# Examining Racial Discrimination in the US Job Market

### Background
Racial discrimination continues to be pervasive in cultures throughout the world. Researchers examined the level of racial discrimination in the United States labor market by randomly assigning identical résumés to black-sounding or white-sounding names and observing the impact on requests for interviews from employers.

### Data
In the dataset provided, each row represents a resume. The 'race' column has two values, 'b' and 'w', indicating black-sounding and white-sounding. The column 'call' has two values, 1 and 0, indicating whether the resume received a call from employers or not.

Note that the 'b' and 'w' values in race are assigned randomly to the resumes when presented to the employer.

### Exercises
You will perform a statistical analysis to establish whether race has a significant impact on the rate of callbacks for resumes.

Answer the following questions **in this notebook below and submit to your Github account**. 
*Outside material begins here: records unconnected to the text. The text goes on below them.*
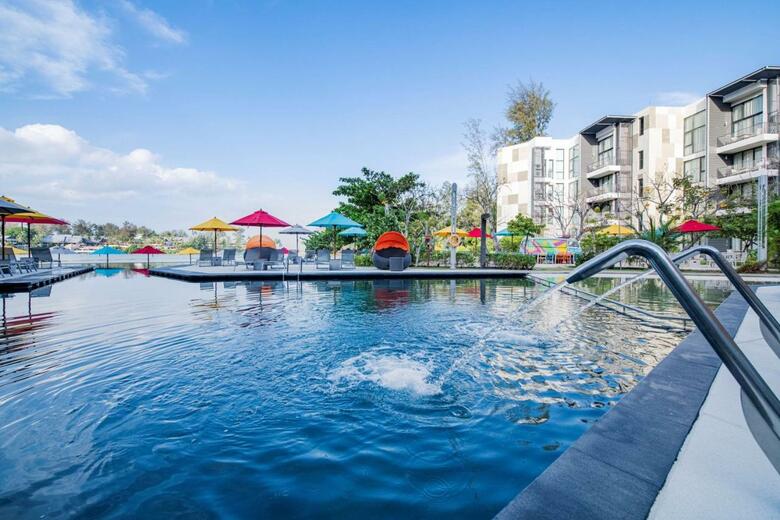 Hotel Cassia Phuket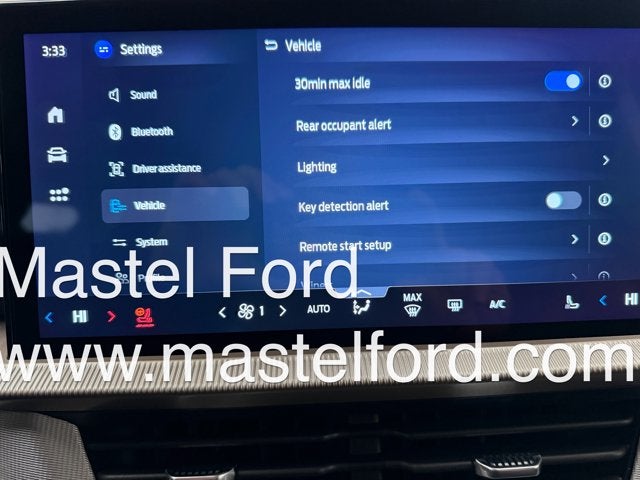 2026 Ford Explorer Active w 200A Pkg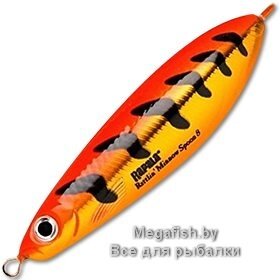 Блесна Rapala Minnow Spoon 08 (22 гр; 8 см) GFRT от компании Megafish - фото 1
   1. What test is appropriate for this problem? Does CLT apply?
   2. What are the null and alternate hypotheses?
   3. Compute margin of error, confidence interval, and p-value. Try using both the bootstrapping and the frequentist statistical approaches.
   4. Write a story describing the statistical significance in the context or the original problem.
   5. Does your analysis mean that race/name is the most important factor in callback success? Why or why not? If not, how would you amend your analysis?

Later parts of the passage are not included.